The full set of entries needs to be reproduced exactly.

(Collected data entries)
________________

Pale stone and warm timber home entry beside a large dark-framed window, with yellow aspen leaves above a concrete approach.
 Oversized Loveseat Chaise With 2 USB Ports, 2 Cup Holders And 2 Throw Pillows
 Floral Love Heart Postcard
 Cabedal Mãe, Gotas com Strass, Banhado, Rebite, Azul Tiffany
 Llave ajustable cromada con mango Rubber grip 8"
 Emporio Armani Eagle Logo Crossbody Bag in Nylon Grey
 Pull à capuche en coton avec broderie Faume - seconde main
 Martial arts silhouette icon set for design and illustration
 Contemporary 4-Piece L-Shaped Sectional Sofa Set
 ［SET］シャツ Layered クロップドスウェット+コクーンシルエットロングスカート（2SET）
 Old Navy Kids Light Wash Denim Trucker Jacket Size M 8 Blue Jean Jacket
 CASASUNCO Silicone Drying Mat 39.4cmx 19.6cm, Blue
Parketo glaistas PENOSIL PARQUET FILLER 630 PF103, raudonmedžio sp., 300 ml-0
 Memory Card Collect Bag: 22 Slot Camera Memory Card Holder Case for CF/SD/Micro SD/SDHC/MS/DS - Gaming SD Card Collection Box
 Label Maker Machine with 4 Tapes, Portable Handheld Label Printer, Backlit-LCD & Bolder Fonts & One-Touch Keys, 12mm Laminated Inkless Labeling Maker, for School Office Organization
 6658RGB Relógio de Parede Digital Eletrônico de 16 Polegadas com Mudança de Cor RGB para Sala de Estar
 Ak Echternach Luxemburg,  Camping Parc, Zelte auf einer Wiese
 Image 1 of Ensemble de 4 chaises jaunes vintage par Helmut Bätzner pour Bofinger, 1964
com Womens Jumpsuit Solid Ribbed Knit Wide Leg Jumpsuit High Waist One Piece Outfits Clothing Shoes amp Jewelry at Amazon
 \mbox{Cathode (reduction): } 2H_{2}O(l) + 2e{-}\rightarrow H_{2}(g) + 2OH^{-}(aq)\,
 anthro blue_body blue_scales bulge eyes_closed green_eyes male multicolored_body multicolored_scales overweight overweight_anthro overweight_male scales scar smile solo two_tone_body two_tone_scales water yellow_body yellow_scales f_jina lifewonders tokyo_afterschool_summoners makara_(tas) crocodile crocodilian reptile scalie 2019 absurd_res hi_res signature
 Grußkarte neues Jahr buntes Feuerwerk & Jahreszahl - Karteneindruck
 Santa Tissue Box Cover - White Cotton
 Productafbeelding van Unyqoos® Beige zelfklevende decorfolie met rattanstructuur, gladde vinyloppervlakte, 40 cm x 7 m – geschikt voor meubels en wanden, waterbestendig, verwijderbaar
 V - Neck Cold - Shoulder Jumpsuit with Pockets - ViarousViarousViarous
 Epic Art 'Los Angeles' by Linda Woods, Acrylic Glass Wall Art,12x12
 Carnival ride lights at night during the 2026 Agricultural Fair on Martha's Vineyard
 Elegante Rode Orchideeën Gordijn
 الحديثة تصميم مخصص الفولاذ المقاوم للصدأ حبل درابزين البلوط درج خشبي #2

________________

§ Task answer
Pale stone and warm timber home entry beside a large dark-framed window, with yellow aspen leaves above a concrete approach.
 Oversized Loveseat Chaise With 2 USB Ports, 2 Cup Holders And 2 Throw Pillows
 Floral Love Heart Postcard
 Cabedal Mãe, Gotas com Strass, Banhado, Rebite, Azul Tiffany
 Llave ajustable cromada con mango Rubber grip 8"
 Emporio Armani Eagle Logo Crossbody Bag in Nylon Grey
 Pull à capuche en coton avec broderie Faume - seconde main
 Martial arts silhouette icon set for design and illustration
 Contemporary 4-Piece L-Shaped Sectional Sofa Set
 ［SET］シャツ Layered クロップドスウェット+コクーンシルエットロングスカート（2SET）
 Old Navy Kids Light Wash Denim Trucker Jacket Size M 8 Blue Jean Jacket
 CASASUNCO Silicone Drying Mat 39.4cmx 19.6cm, Blue
Parketo glaistas PENOSIL PARQUET FILLER 630 PF103, raudonmedžio sp., 300 ml-0
 Memory Card Collect Bag: 22 Slot Camera Memory Card Holder Case for CF/SD/Micro SD/SDHC/MS/DS - Gaming SD Card Collection Box
 Label Maker Machine with 4 Tapes, Portable Handheld Label Printer, Backlit-LCD & Bolder Fonts & One-Touch Keys, 12mm Laminated Inkless Labeling Maker, for School Office Organization
 6658RGB Relógio de Parede Digital Eletrônico de 16 Polegadas com Mudança de Cor RGB para Sala de Estar
 Ak Echternach Luxemburg,  Camping Parc, Zelte auf einer Wiese
 Image 1 of Ensemble de 4 chaises jaunes vintage par Helmut Bätzner pour Bofinger, 1964
com Womens Jumpsuit Solid Ribbed Knit Wide Leg Jumpsuit High Waist One Piece Outfits Clothing Shoes amp Jewelry at Amazon
 \mbox{Cathode (reduction): } 2H_{2}O(l) + 2e{-}\rightarrow H_{2}(g) + 2OH^{-}(aq)\,
 anthro blue_body blue_scales bulge eyes_closed green_eyes male multicolored_body multicolored_scales overweight overweight_anthro overweight_male scales scar smile solo two_tone_body two_tone_scales water yellow_body yellow_scales f_jina lifewonders tokyo_afterschool_summoners makara_(tas) crocodile crocodilian reptile scalie 2019 absurd_res hi_res signature
 Grußkarte neues Jahr buntes Feuerwerk & Jahreszahl - Karteneindruck
 Santa Tissue Box Cover - White Cotton
 Productafbeelding van Unyqoos® Beige zelfklevende decorfolie met rattanstructuur, gladde vinyloppervlakte, 40 cm x 7 m – geschikt voor meubels en wanden, waterbestendig, verwijderbaar
 V - Neck Cold - Shoulder Jumpsuit with Pockets - ViarousViarousViarous
 Epic Art 'Los Angeles' by Linda Woods, Acrylic Glass Wall Art,12x12
 Carnival ride lights at night during the 2026 Agricultural Fair on Martha's Vineyard
 Elegante Rode Orchideeën Gordijn
 الحديثة تصميم مخصص الفولاذ المقاوم للصدأ حبل درابزين البلوط درج خشبي #2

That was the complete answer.